FWIW, I own a few grand of BTC as an investment diversification. But id still deal in cash. I dont ask if I can buy something with my Lululemon stock. I prefer to leave crypto to the geeks and drug dealers. While I believe in being as tax efficient as possible, if I make mad cash on BTC values rising, Im ok with paying a bit of tax on a few grand for a Fender CS for the privilege of being a Canadian and not having to worry about this nonsense:
Billions in lost Bitcoin: the buried treasure that people can never get back : Planet Money : NPR

here's the thing...you dont want to take a financial hit for cashing in your bitcoin...but doesnt that just move that tax burden onto the seller for when they want to cash out?


----------



## guitar-gord (Nov 21, 2010)

I would consider it, absolutely. But since I'm not currently actively using crypto, there would have to be a motivating reason for me to get involved. For example, if I'm not getting any takers at $4K in cash on the CGF or Reverb for a particular guitar, and if you offer me a crypto exchange of >$4K equivalent dollar value (at least enough extra to cover the taxes I will pay when cashing out), then that might entice me pending the current state of the offered crypto, how badly I need quick access to the cash, etc. I'm not overly concerned about trading guitars for crypto as a general rule, the question for me personally seems more like a "when" not "if" question. My younger self would never have believed that I would be sending money via email to people I've never met for guitars I've never played, but I'm doing that regularly now, so who knows.


----------



## crann (May 10, 2014)

@Diablo So, you would not accept it. Got it, thanks!


----------



## JeremyP (Jan 10, 2012)

guitar-gord said:


> I would consider it, absolutely. But since I'm not currently actively using crypto, there would have to be a motivating reason for me to get involved. For example, if I'm not getting any takers at $4K in cash on the CGF or Reverb for a particular guitar, and if you offer me a crypto exchange of >$4K equivalent dollar value (at least enough extra to cover the taxes I will pay when cashing out), then that might entice me pending the current state of the offered crypto, how badly I need quick access to the cash, etc. I'm not overly concerned about trading guitars for crypto as a general rule, the question for me personally seems more like a "when" not "if" question. My younger self would never have believed that I would be sending money via email to people I've never met for guitars I've never played, but I'm doing that regularly now, so who knows.

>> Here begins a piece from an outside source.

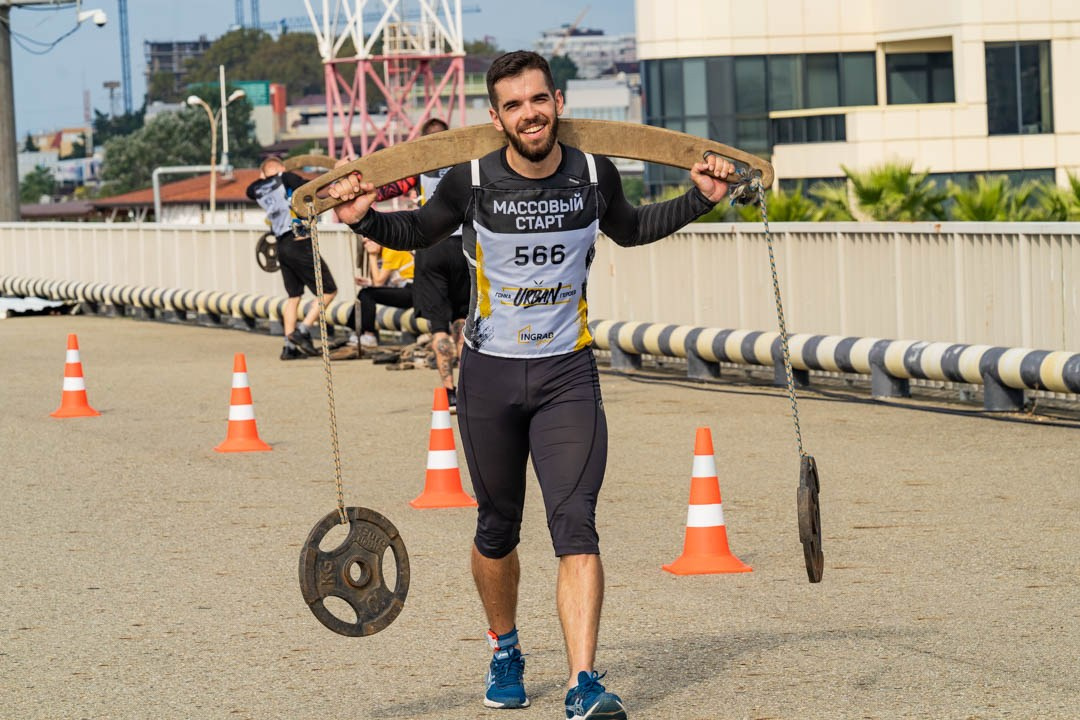 Гонка героев «Urban Sochi» 2022. Репортажный фотограф в Красной Поляне и Сочи Павлюченко Екатерина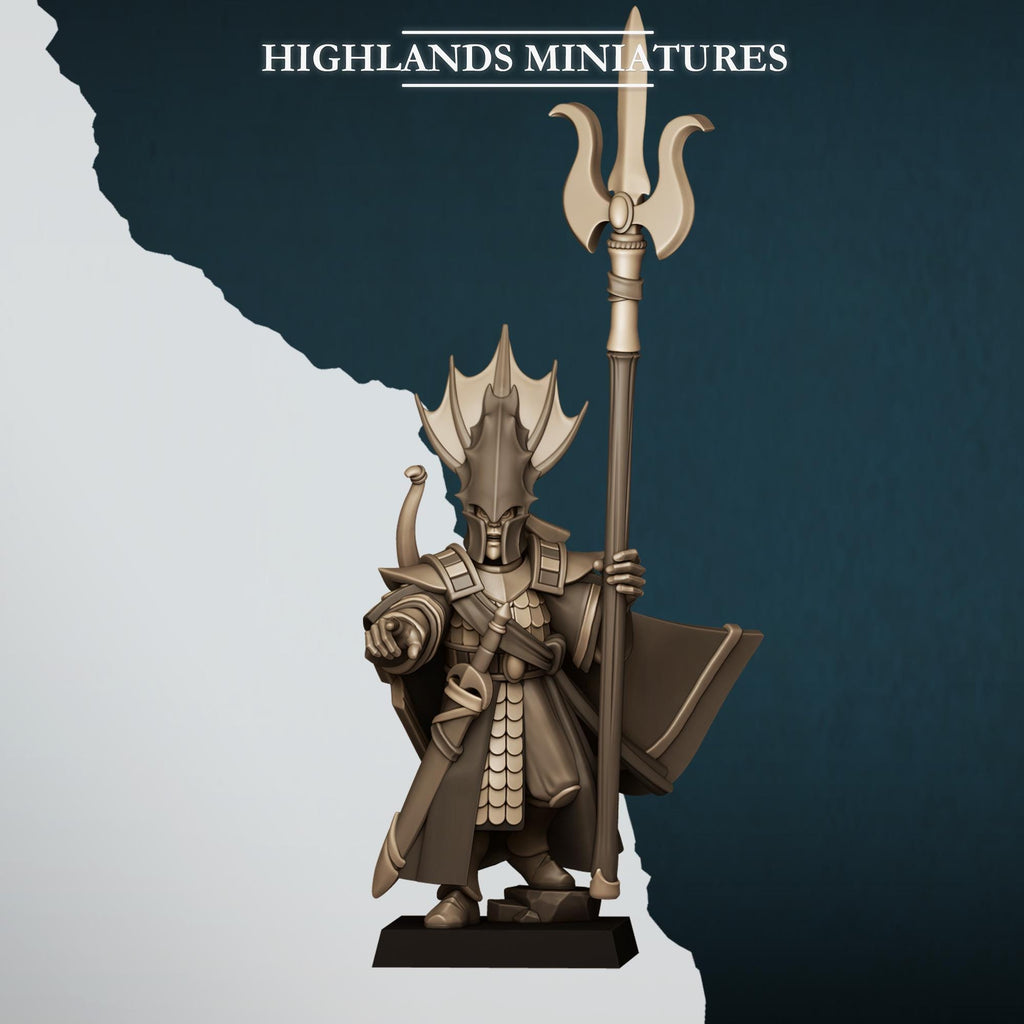Aegean Eld Lord of the Sea - Highlands Miniatures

I think that's a great point. If there was some incentive , enough to cover the cash out then why not?


----------



## dumbstick (Apr 14, 2012)

Stevie007 said:


> Here are pics. G&L ASAT Classic Telecaster


Where is this guitar manufactured???


----------



## DrumBob (Aug 17, 2014)

I wouldn't even know how to begin with stuff like this. Just give me good, old-fashioned cash. I'm old school. Technology is fine, but to a point.


----------